Bruges doesn't feature heavily in the history of heavy metal, but it probably should. Kate's Acid formed there in 1980 under the name Precious Page, and were among Europe's earliest speed metal outfits, releasing three albums for Giant Records between 1983 and 1985 (Acid, Maniac, and Engine Beast) before going quiet. When Kate de Lombaert brought the band back in 2019, the question wasn't whether she still had the fire that anyone who knows the records knows she's built differently, but whether a reformed outfit could offer something beyond nostalgia. With Hellbender, the answer arrives loud, fast, and firmly in the affirmative. 

Full disclosure: I didn't come to this record as a detached listener. I grew up on Iron Maiden, Judas Priest, Motörhead, and Helloween, and when de Lombaert opened her mouth on the title track, something shifted that involuntary jolt of recognition that only certain music can produce.

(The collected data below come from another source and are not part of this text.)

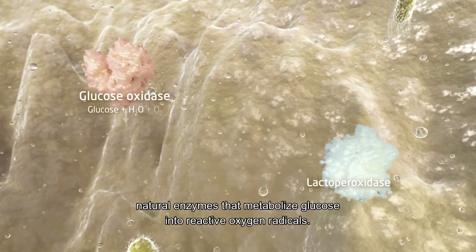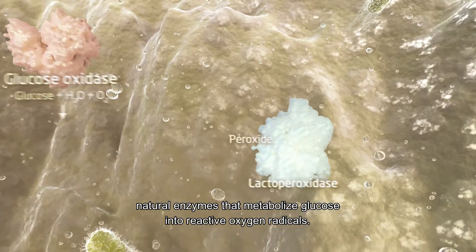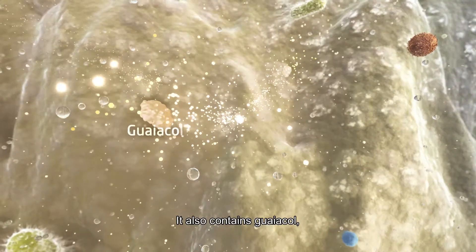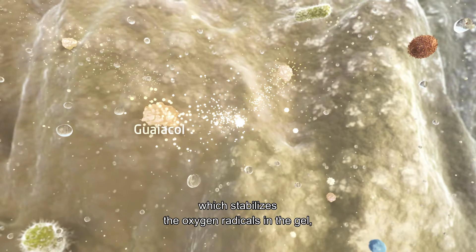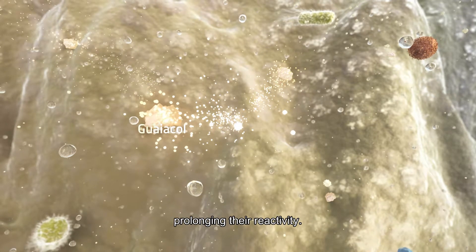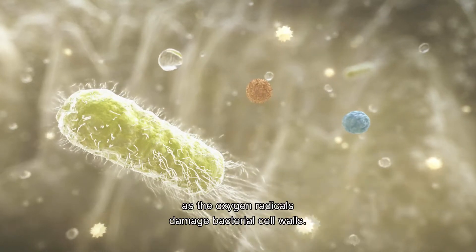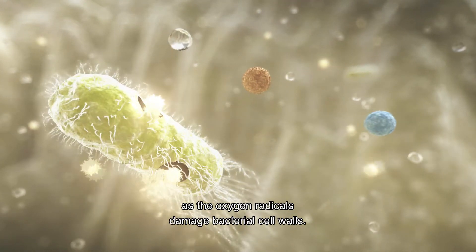natural enzymes that metabolize glucose into reactive oxygen radicals. It also contains guaiacol, which stabilizes the oxygen radicals in the gel, prolonging their reactivity. Bacteria in the gel are eliminated as the oxygen radicals damage bacterial cell walls.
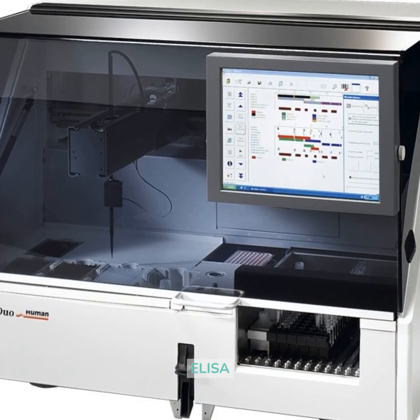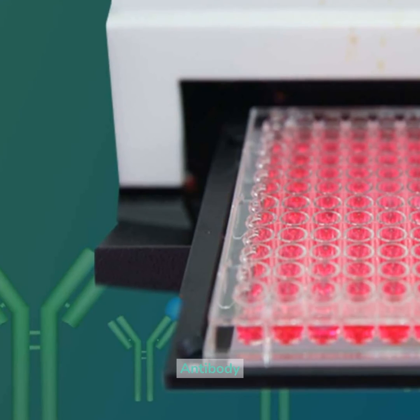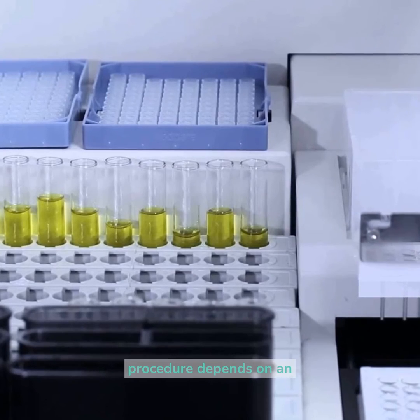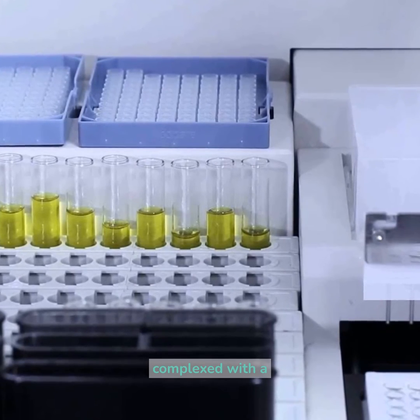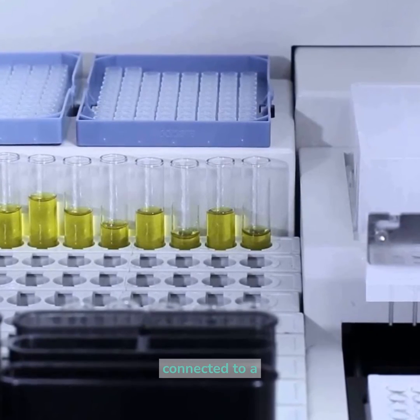Plate blocking ELISA. Antibody incubation ELISA. The ELISA procedure depends on an antigen immobilized to a strong surface, which is complexed with a neutralizer that is connected to a catalyst.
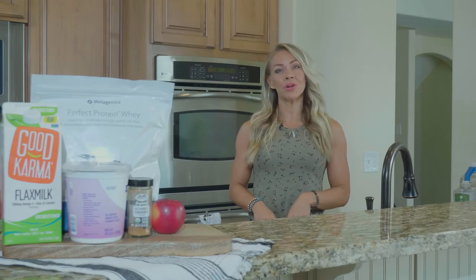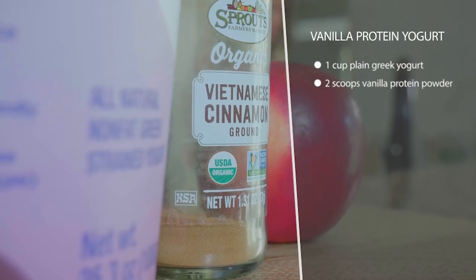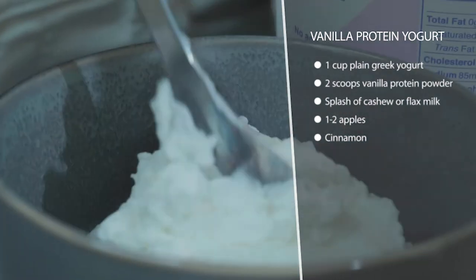This is vanilla protein yogurt with apples and cinnamon. We're going to add some protein powder to our yogurt, so it's going to be packed with protein. You can use a little bit of unsweetened nut milk — I have some flax milk here — to thin that out.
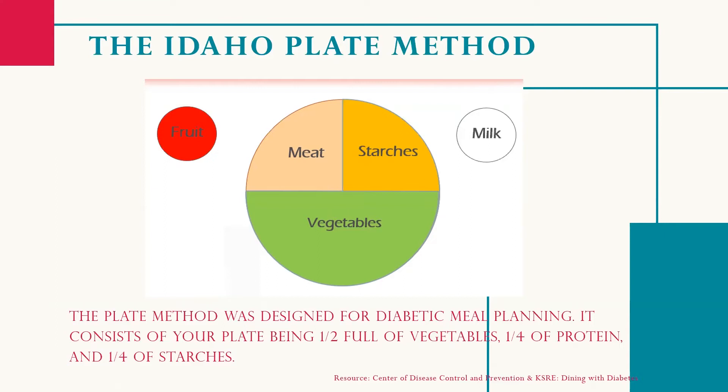Filling half of your plate with vegetables can also lower the caloric content of your meal and may lead to weight loss. The plate method is a simple visual way to make sure you get enough non-starchy vegetables and lean protein and limit the amount of higher carb food that has the greatest potential to spike your blood sugar.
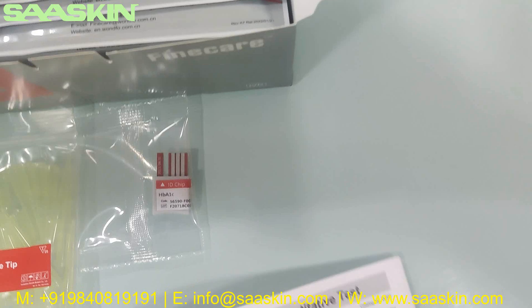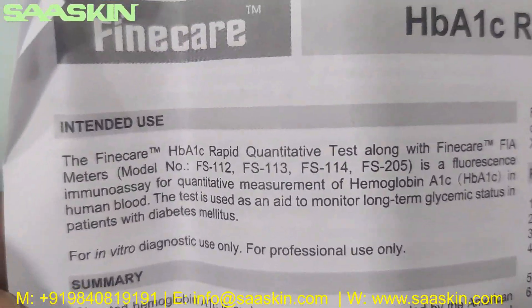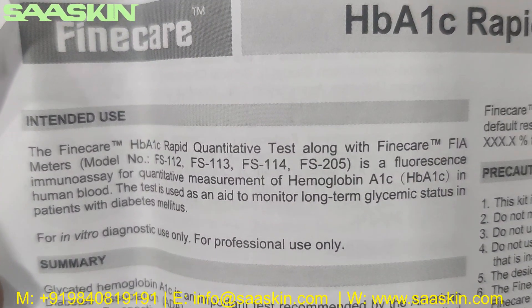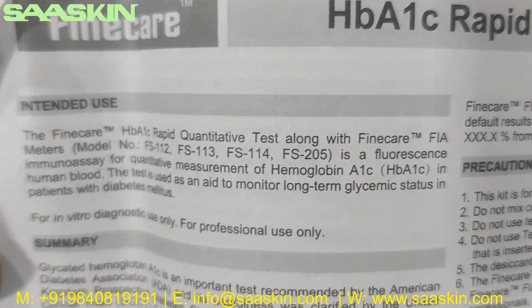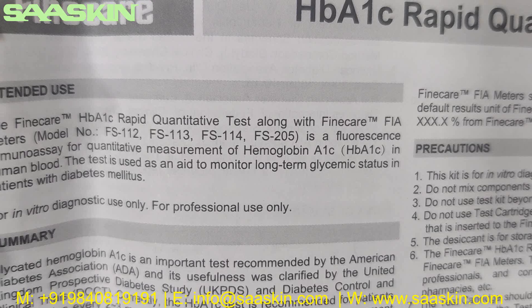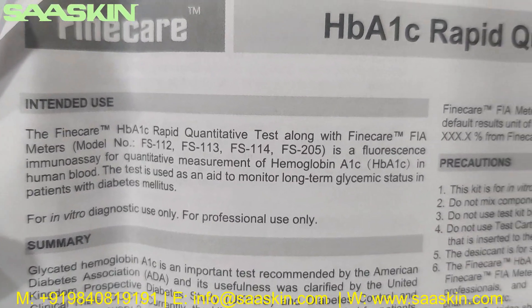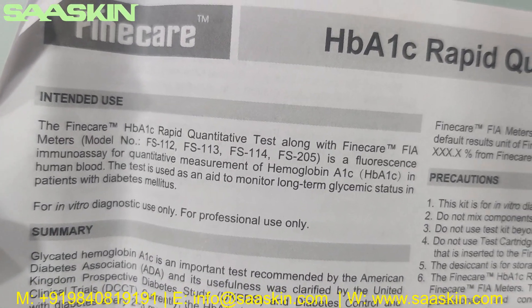And you get an IFU brochure here. There is one more IFU brochure. You can see it says FineCare HBiNAC Rabbit Quantitative Test along with the FineCare FIA meters. It is a fluorescence immunoassay for quantitative measurement of Hemoglobin A1C in human blood. The test is used as an aid to monitor long-term glycemic status in patients with diabetes, and you get this also along with the kit.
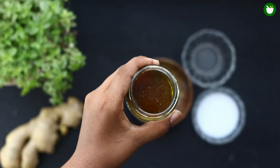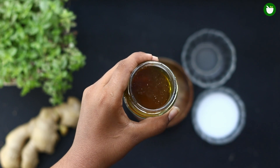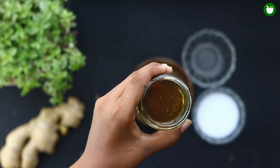Honey exhibits strong antibacterial and anti-inflammatory properties. The antibacterial properties may help against the bacterial infections that cause the gums to bleed. The anti-inflammatory properties also help reduce the inflammation and swelling of gums.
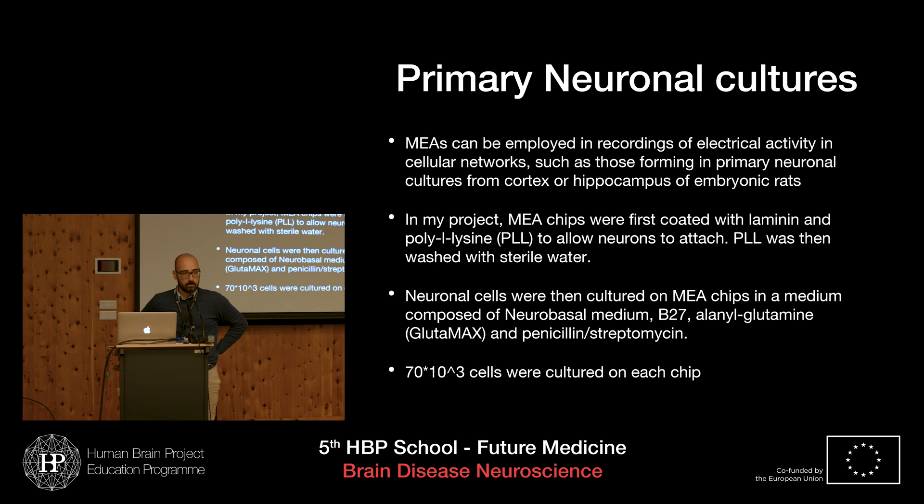My project consisted of a MEA measurement of primary neuronal culture activity. After preparing the MEA chips and coating them with laminin and polylysine to allow the neurons to attach, and sterilizing with sterile water, we proceeded to prepare the cells, which were cultured from a cortex — in my case — though hippocampal cells from embryonic rats were also used in the lab.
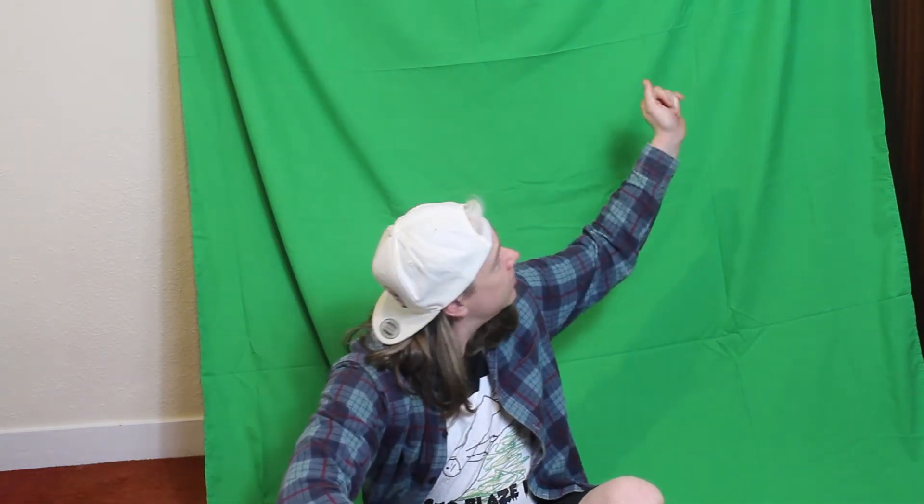Alright, nice to see you all again. I've worked on a video about how to go viral and for that I had to buy this green screen, but it was actually quite hard to use. So I thought, why not take the things that I learned about using it and teach them to you guys — do one of those tips and tricks tutorial videos, because they get a lot of views, don't they.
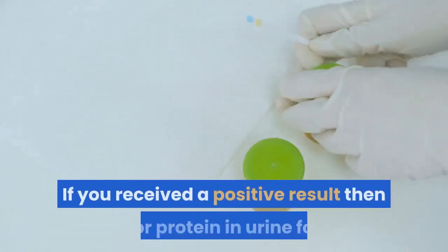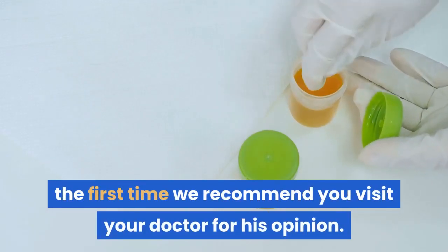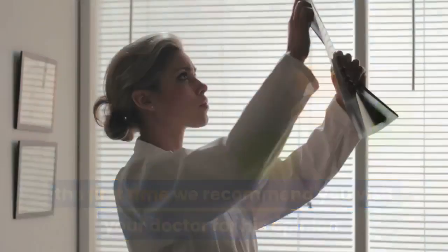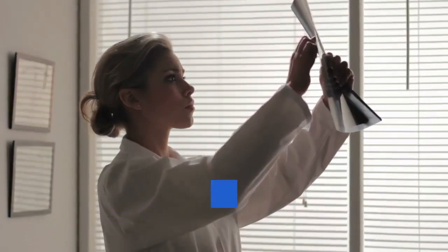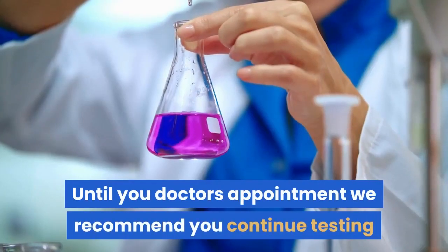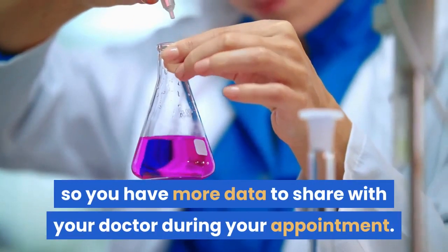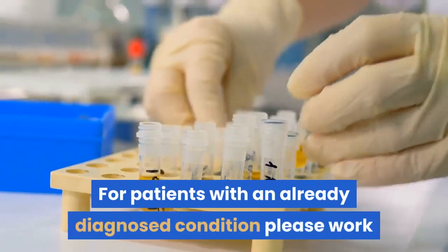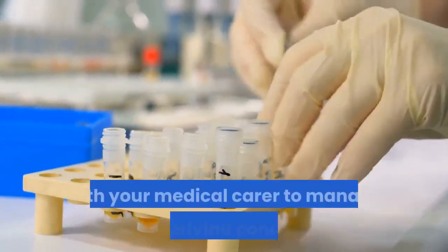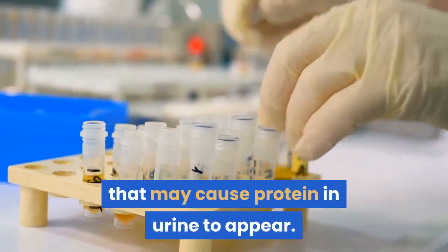If you received a positive result for protein in urine for the first time, we recommend you visit your doctor for their opinion. Your doctor can carry out laboratory tests to diagnose the underlying cause. Until your appointment, continue testing so you have more data to share. For patients with an already diagnosed condition, please work with your medical carer to manage the underlying conditions that may cause protein in urine to appear.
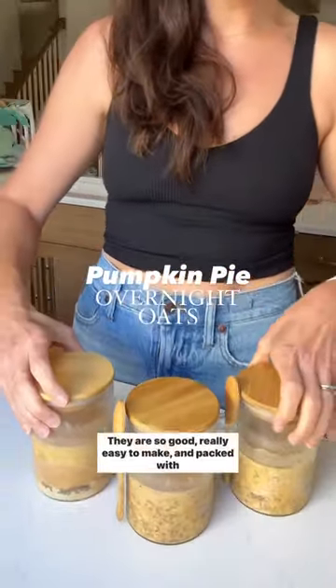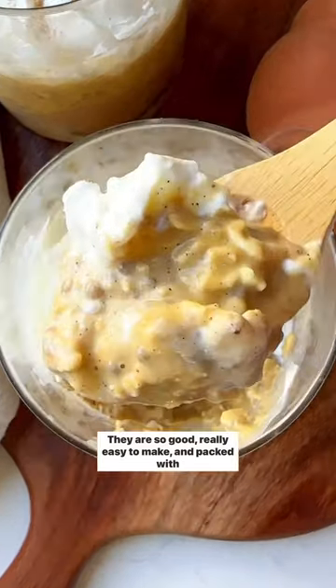Let's meal prep my pumpkin pie overnight oats. They are so good, really easy to make, and packed with protein.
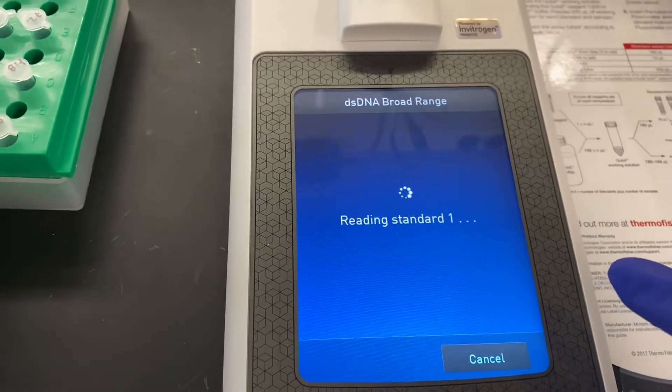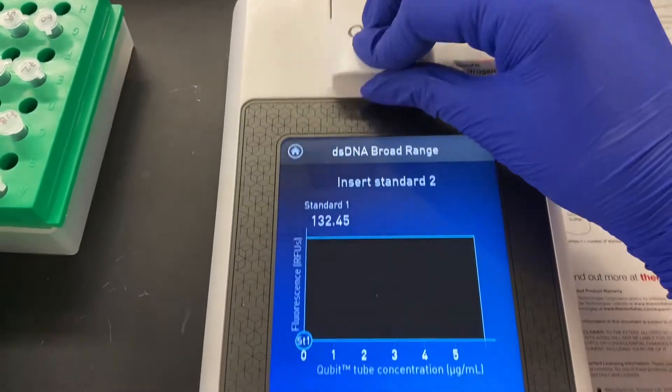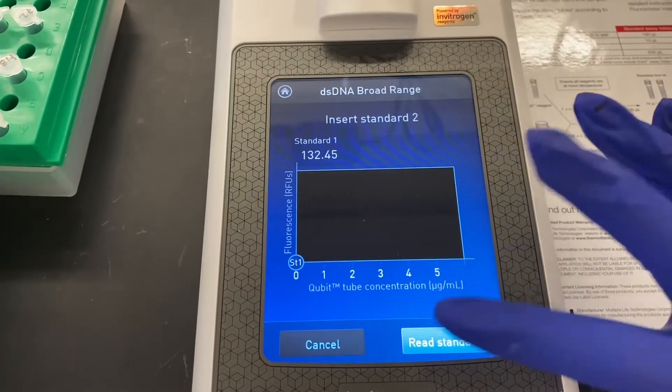If the instrument reads in both standards and doesn't give an error, then you're good to start prepping your samples for the rest of the assay.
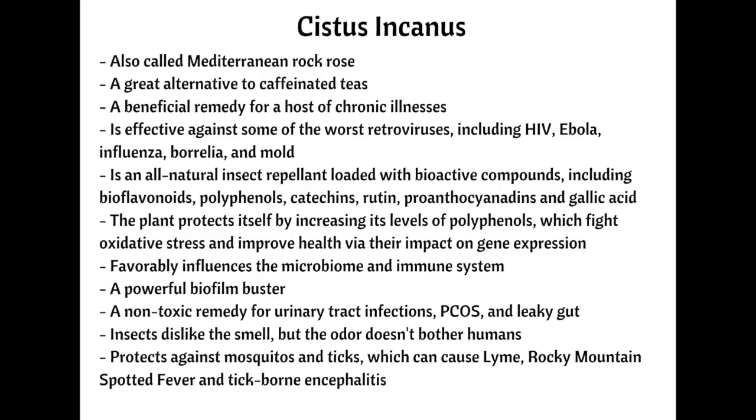Cystus is also used to treat persistent bacterial infections and mold. How does cystus tea repel insects? Cystus tea is loaded with bioactive compounds, including bioflavonoids, polyphenols, catechins, rutin, proanthocyanidins, and gallic acid. Because it grows in the dry, arid, harsh climate of the Mediterranean, the cystus plant protects itself by increasing its levels of polyphenols — powerful constituents that fight oxidative stress and free radical damage. Polyphenols are naturally occurring phytochemicals that act as antioxidants to improve health by impacting gene expression and favorably influencing the microbiome and immune system.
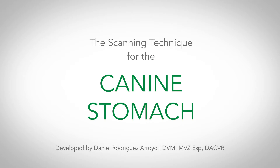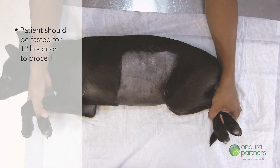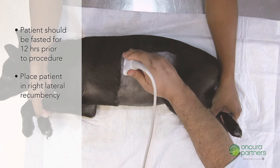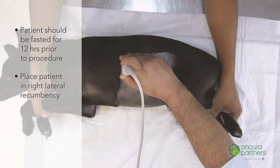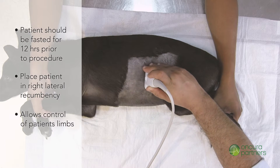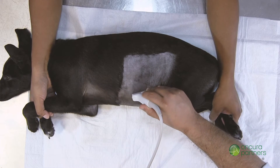The scanning technique for the stomach in lateral recumbent canine patients: before the procedure, it is strongly recommended that the patient be fasted for 12 hours. Place the patient in right lateral recumbency with their feet directed towards the sonographer. This position will allow one other person to have control over the patient's front and hind limbs.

The lineup on Hellbender feels genuinely cohesive around her. De Lombaert's vocals remain the centrepiece, that combination of grit and melodic command still very much intact. Geert Annys brings muscular, no-frills riffwork; Camilo "Thunder Screamer" Ortega's bass is actively combative, pushing tracks forward with low-end aggression that gives the record real weight; and Ash locks everything in with a precision that keeps even the most chaotic moments from flying apart. It's worth noting that this is a snapshot of the band at a particular moment since the recording; the lineup has shifted considerably. Gilles Reuse has stepped back to pursue his solo project, Andreas Stieglitz found it increasingly difficult to balance Kate's Acid with his other band, Speed Queen, as both moved into new releases simultaneously, and bassist Mathieu Trobec has moved on to freelance work. Ruben Rosseel, Sean RG, and Dorian Massage have since taken their respective places. Whether the chemistry holds with the new configuration remains to be heard, though the band's confidence appears undimmed.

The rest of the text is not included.